Assayas, Olivier
Regista e critico cinematografico francese, nato a Parigi il 25 gennaio 1955. Il suo lavoro di regista, indissolubilmente intrecciato con quello di critico, si è sviluppato intorno all'idea di un 'cinema di scrittura', che esalta la processualità del racconto e la complessità psicologica dei personaggi, spesso servendosi di lunghe sequenze all'interno delle quali i movimenti continui della macchina da presa coinvolgono lo spettatore nell'esplorazione dello spazio scenico.
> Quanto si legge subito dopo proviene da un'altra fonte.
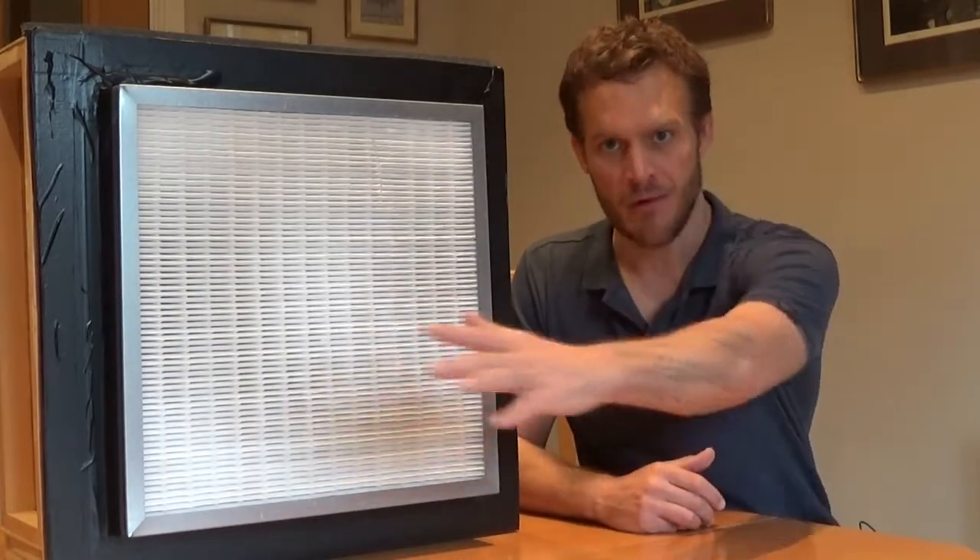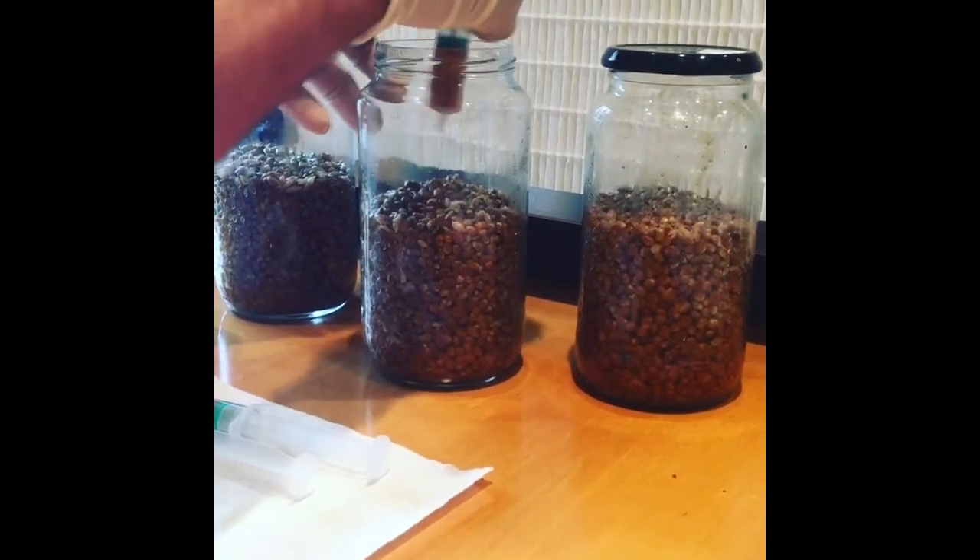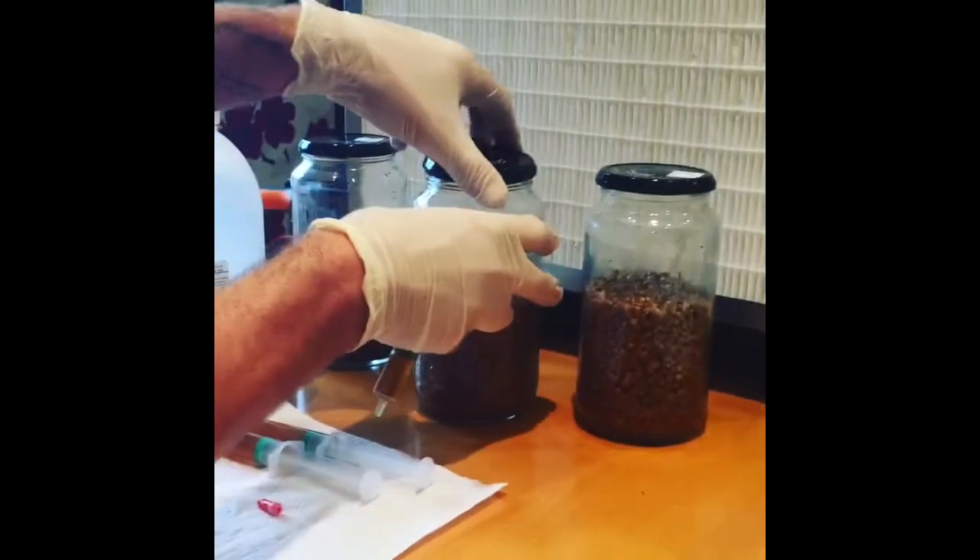So it only lets through particles which are sized 0.01 or something like that, so no bacteria can get through, no viruses can get through. The air has been pushed through, so you've got sterile air in front of it. And that's where obviously you do all your culture work, anything that you want to do where you want it to be nice and clean. So that's the idea behind it — really helpful, really handy. This is going to be a demonstration of how to build one for home growers or micro farms, things like that.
Nella ricerca di un'ossessiva vicinanza con il reale si evidenzia un tormentato mimetismo, l'esigenza di catturare la provvisorietà dei rapporti umani, i momenti di sospensione e di passaggio, come l'adolescenza, che A. ha saputo ritrarre con sensibilità vicina a quella di François Truffaut e di André Téchiné.
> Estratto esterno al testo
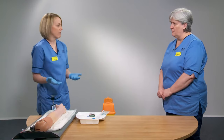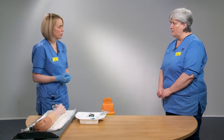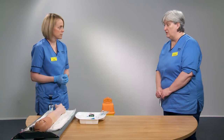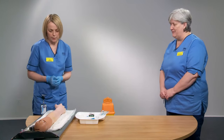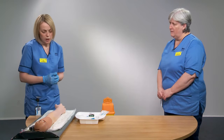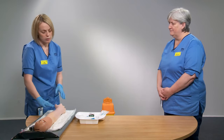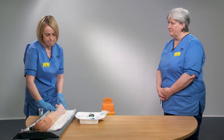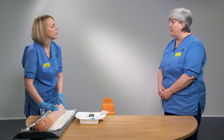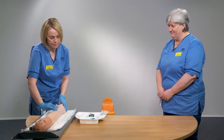For all procedures with patients, we need to obtain consent in the normal way for any clinical procedure. Also make sure the patient is comfortable — patient comfort is very important. Once you've explained the procedure, look and feel for a good vein. A good vein is bouncy, refillable, you can feel its direction, and importantly it does not pulse.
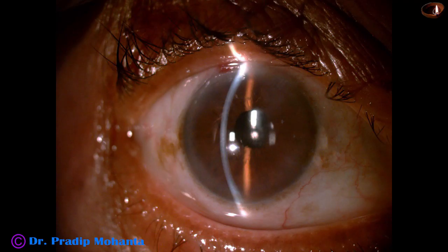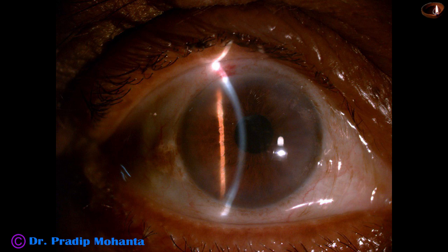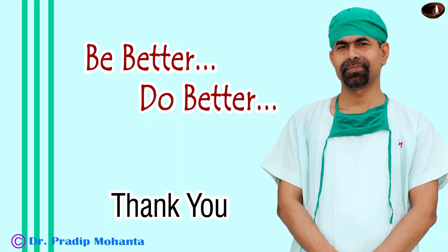Here are some post-op pictures. The cornea is clear, anterior chamber is deep and quiet, intraocular pressure is normal, and unaided vision is 6/12. The patient is very happy because they could not see with this eye for almost two years. Thank you very much for your attention. I hope this video will help you in developing your surgical skills. Be a great surgeon and serve your patients with love, respect, empathy, and great surgical skills. Learn to use a pupil expansion device when the pupil becomes small intraoperatively.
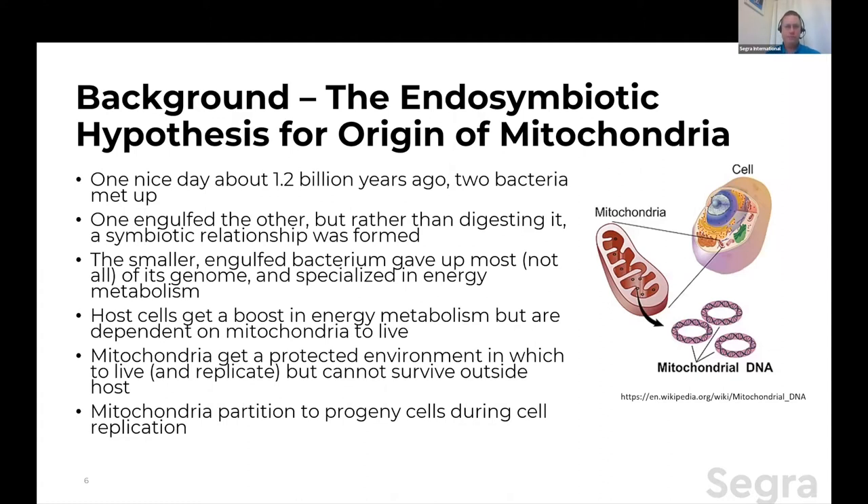The engulfed organism — what we now call a mitochondria — in return gets a highly protected environment inside a nice, friendly environment where it lives and replicates on its own, but it can't survive outside the host. When a eukaryotic cell undergoes mitosis, what happens is you just get an assortment of cytosol partitioning, mitochondria are spread throughout the cytosol, and they partition to each of the progeny cells. The mitochondria themselves replicate by binary fission, just like a bacteria, because effectively they still almost are a bacteria.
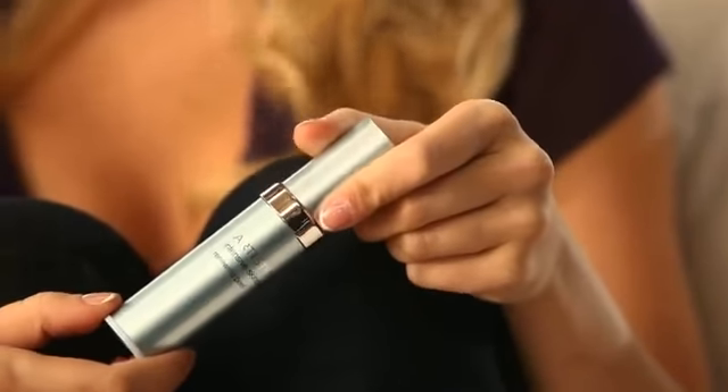Honestly, at first I was a little worried about doing a peel because I have sensitive skin. But then I learned that Artistry Intensive Renewing Peel uses a natural mushroom enzyme that's very gentle. After only one use, my skin felt and looked amazing.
Figlio di uno sceneggiatore televisivo (il padre scriveva per la serie del commissario Maigret), si è dedicato al cinema dopo essersi diplomato in Belle Arti. Ha esordito come regista nel 1979, con Copyright, il primo di quattro cortometraggi realizzati in cinque anni. Parallelamente ha svolto un'intensa attività di critico per i "Cahiers du cinéma", intrecciando la riflessione sull'opera di Robert Bresson, Andrej Tarkovskij e Ingmar Bergman, con la scoperta del cinema asiatico; nel 1984 recatosi a Taipei, per conoscere la nouvelle vague taiwanese, ha incontrato Hou Hsiao Hsien (cui nel 1997 avrebbe dedicato un toccante documentario, HHH ‒ Portrait de Hou Hsiao Hsien). Dopo aver collaborato alla sceneggiatura di Rendez-vous (1985) e Le lieu du crime (1986; Il luogo del crimine) di Téchiné, ha realizzato il suo primo lungometraggio, Désordre (1986; Désordre ‒ Disordine), nel quale l'irrequietezza di una band giovanile, responsabile di un furto in un negozio di strumenti musicali degenerato in omicidio, rivela un'ampia lacerazione esistenziale. Con L'enfant de l'hiver (1988; Il bambino d'inverno) A. ha messo in scena un altro suo tipico tema: il tempo, le sue scissioni, la fuga impossibile da una prigione senza sbarre, in cui ogni uomo sembra smarrirsi. Motivo ripreso in Paris s'éveille (1991; Contro il destino), dove il fallimentare triangolo erotico che unisce Louise a Clement (Jean-Pierre Leaud) e a Adrien, rispettivamente padre e figlio, sottende l'impossibilità di legare il desiderio a un oggetto. Dopo Una nouvelle vie (1993), in cui è tornato a descrivere la cesura e la vertigine esistenziale che si celano sotto il quotidiano, con L'eau froide (1994) ha confermato la sua capacità di rappresentare l'universo sospeso di un'adolescenza inquieta e sofferente. Fluidi movimenti di macchina, interrotti da intensi primi piani, seguono Gilles e Christine, figli di genitori separati, nella loro collisione con la società degli adulti, fino all'improbabile fuga, decisa durante una notte di festa.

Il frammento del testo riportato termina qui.